Mr. BONYNGE. 23.8 cents. But in our case we did not enter the war until April, 1917, and by that time the mark had depreciated considerably, so that the best rate we could have possibly obtained would have been 17.4 cents to the mark.

The CHAIRMAN. And you finally decided on 16 cents?

Mr. BONYNGE. Yes; we did. And I will explain how that arose and why we made that compromise later.

Now, as we did not become parties to the Versailles treaty, of course we were not represented on the Reparation Commission. Neither did we have the clearing office. Neither did we have mixed arbitral tribunals. But our nationals had the right to recover for claims and damages of the character I have mentioned. And what I have said in reference to the Berlin treaty applies equally to the Austrian and to the Hungarian treaties. So that the executive departments, the State Department particularly, then negotiated an agreement with Germany setting up the Mixed Claims Commission in the case of Germany, to which was referred all of these various claims, the reparations claims and the claims arising under the economic clauses. There was no other machinery. The Mixed Claims Commission exercises all the jurisdiction over claims that either the Reparation Commission, the clearing office, or the mixed arbitral tribunals would have had.

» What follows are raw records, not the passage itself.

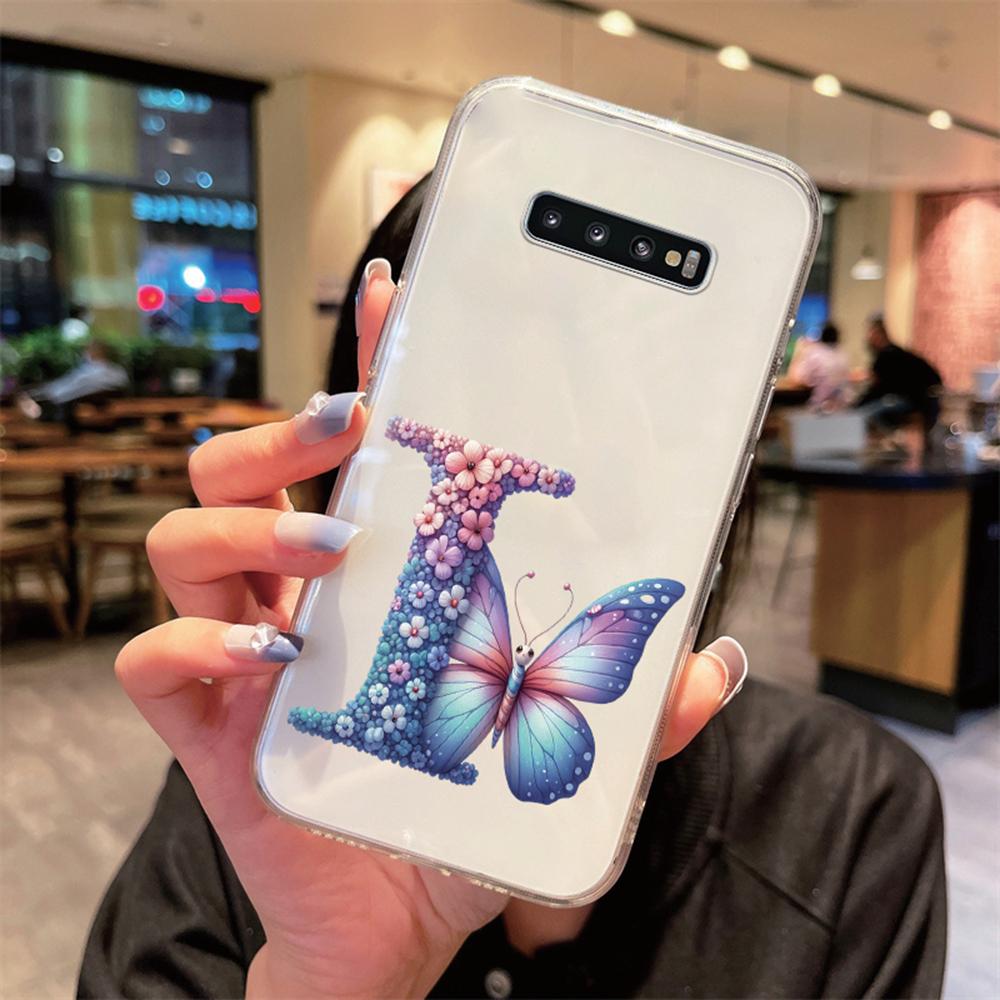 For Samsung Galaxy S10 Plus S10+ S10e Silicone Cover Transparent Clear Samsung s10 Cute Blue Butterfly Flower Letters Phone Case
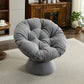 Oversized Papasan Swivel Accent Chair, Grey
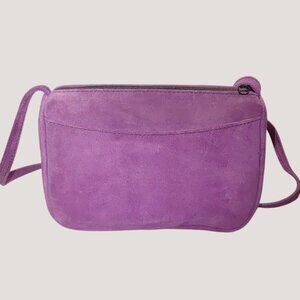 Crossbody Bag Purple Leather Purse Suede Zipper YKK Closure Vintage Compact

And when the question came before our commission as to Germany's liability for debts, the issue immediately arose as to whether Germany was responsible for those debts. The contention of the German Government being, through its agent, that as we had not adopted the clearing-office system, and as that was a reciprocal arrangement by which each country was to be responsible for the debts of its own nationals, Germany was not responsible for those debts and not obliged to valorize them. Not directly responsible. Of course, there is a provision, which I will refer to a little later, that the property of its nationals in the United States was subject to a charge for such debts.

The American agent contended that under other sections of the treaty we were entitled to the same rate of exchange that was provided for in section 296, namely, the 17.4 cents, and briefs were prepared by both agents before the Mixed Claims Commission. The matter was pending before the commission for some time, and it looked rather dubious as to whether we would be able to maintain the position that I contended for, namely, that we were entitled to the 17.4 cents. And in any event, even though we should have been successful, it would have meant a very prolonged litigation before we got all of our claims settled, and great expense and trouble to our nationals.

The German agent then, on behalf of his Government and with the consent of his Government, proposed an amicable adjustment of this question of the rate of exchange in view of the contentions of the two parties and the difficulty in arriving at a solution, and one that would not only expedite the conclusions of the adjudication of these claims but save the American nationals a great deal of time and expense in establishing their claims. He proposed that a rate of exchange at the rate of 16 cents be adopted for the debts provided for in section 296, and that Germany would, notwithstanding the fact that we had not adopted the clearing-office system, assume direct liability for those debts."

The CHAIRMAN. Did they have any other reason why they did not make it 17.4 cents? Simply because we were not assuming the liability?